Saturated fatty acid chains are straight and pack tightly together, making the membrane less fluid. Unsaturated fatty acid chains have kinks due to double bonds, making the membrane more fluid because they can't pack as tightly.

Integral Membrane Proteins

Integral membrane proteins are embedded within the phospholipid bilayer and have both hydrophilic (water-loving) and hydrophobic (water-fearing) regions. Most are transmembrane proteins, spanning the entire membrane.

Peripheral Membrane Proteins

Peripheral membrane proteins are associated with the membrane surface, either through weak interactions with the phospholipid head groups or with integral membrane proteins. They are not embedded within the bilayer.

Lipid:Protein Ratio Varies

The ratio of lipids to proteins in a membrane varies significantly depending on the cell type and its function. For example, myelinated neurons have a high lipid content for insulation, while mitochondria have a high protein content due to energy production.

What are detergents?

Specialized molecules that help break down and solubilize hydrophobic molecules, like membrane proteins. They have a hydrophilic head and a hydrophobic tail, similar to phospholipids, enabling them to interact with both water and the hydrophobic interior of the membrane.

What are integral membrane proteins?

Proteins that are embedded within the cell membrane, with parts of them exposed on both the inside and outside of the cell. They play crucial roles in transport, signaling, and cell recognition.

What are peripheral membrane proteins?

Proteins that are loosely associated with the membrane, either by attaching to the polar head groups of phospholipids or to the polar regions of integral membrane proteins. They are typically found on one side of the membrane.

What are lipid-anchored membrane proteins?

Proteins anchored to the membrane through a covalent bond with a lipid molecule. This lipid anchor tethers the protein permanently to the membrane.

What is the glycocalyx?

A protective layer composed of carbohydrates that covers the surface of many cells. It is formed by oligosaccharides, glycolipids, and glycoproteins.

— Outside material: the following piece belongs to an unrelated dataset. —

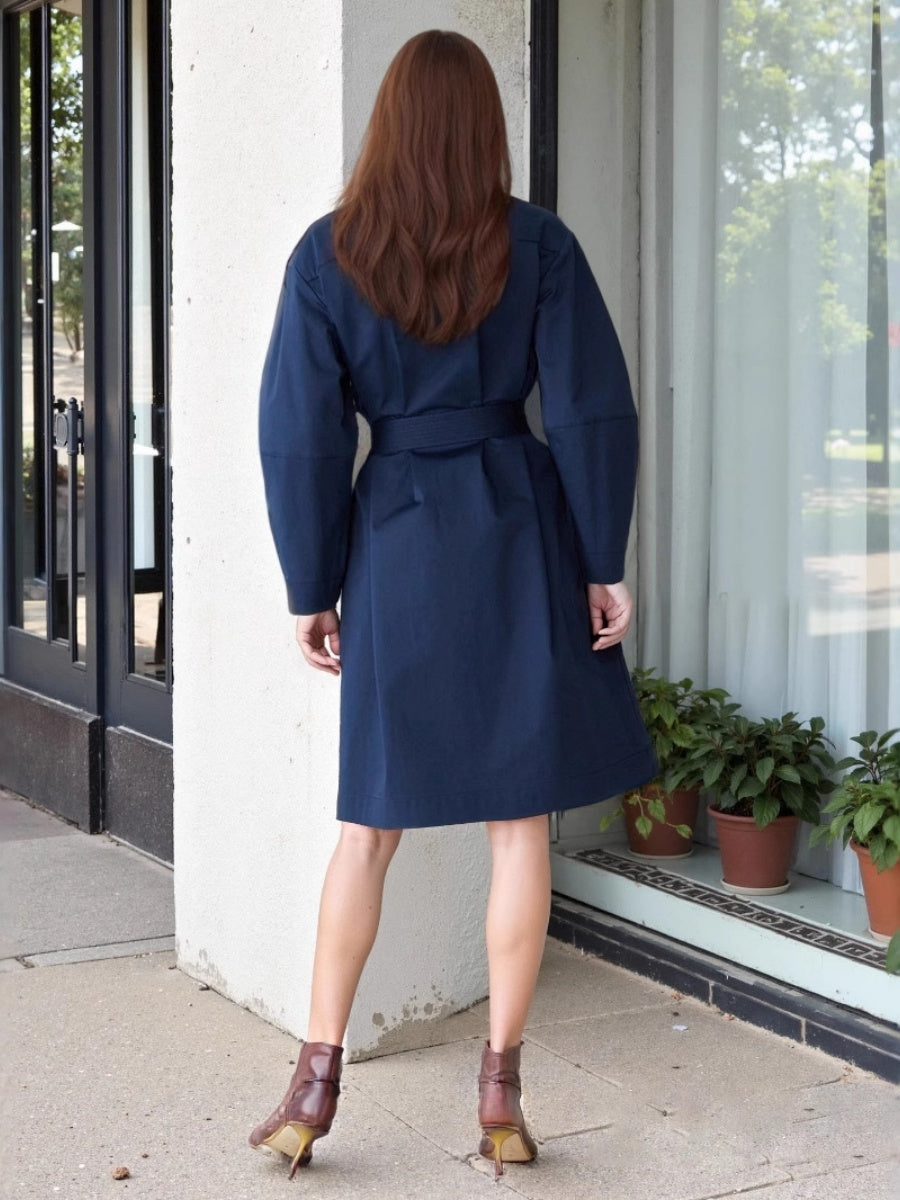 Liber Autumn Women's Button Belt Coat Overcoat Leg of Mutton Sleeve Short Dress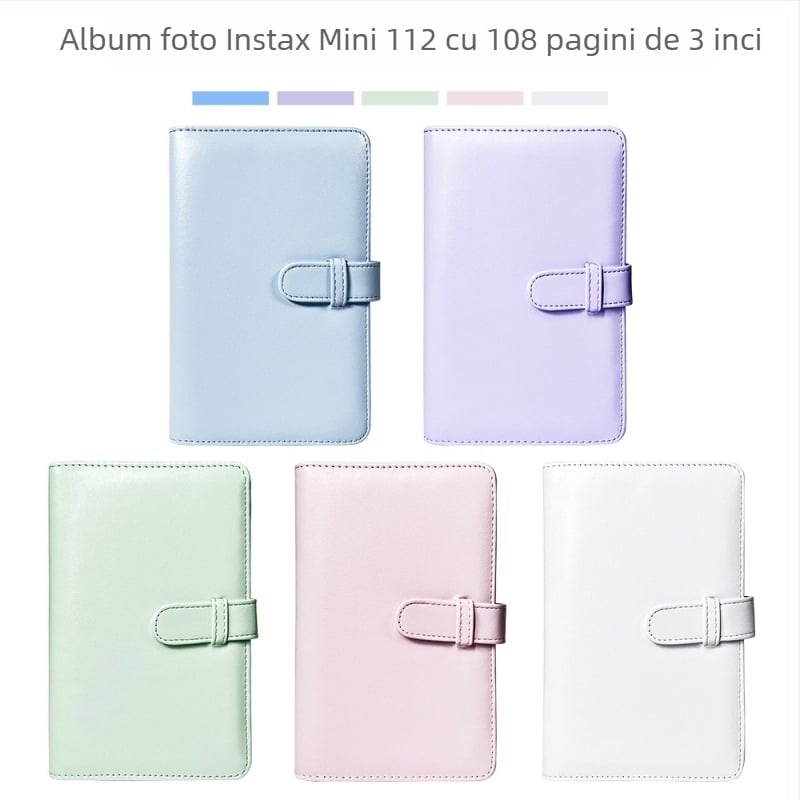 Polaroid Mini12 album foto PU de 3 inch, cu pagini intercalate și buzunar pentru carduri de vizită, capacitate mare de stocare a fotografiilor, 108 pagini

Why is the cell membrane called semi-permeable?

The ability of the cell membrane to allow some substances to pass through while preventing others. Small nonpolar molecules can slip through the gaps, but larger polar molecules need special transport mechanisms.

What is membrane fluidity?

The movement of lipids and proteins within the cell membrane, allowing the membrane to remain flexible and dynamic.

What are membrane domains?

Specific areas of the membrane with specialized functions that are often separated from other regions by cell-cell junctions. These junctions prevent the free diffusion of lipids and proteins between domains.

Passive Diffusion

Movement of molecules across a membrane without requiring energy. Molecules move from an area of high concentration to an area of low concentration.

Movement of Small, Non-Polar Molecules

Small, non-polar molecules like oxygen, carbon dioxide, and nitrogen can easily pass through the cell membrane via passive diffusion.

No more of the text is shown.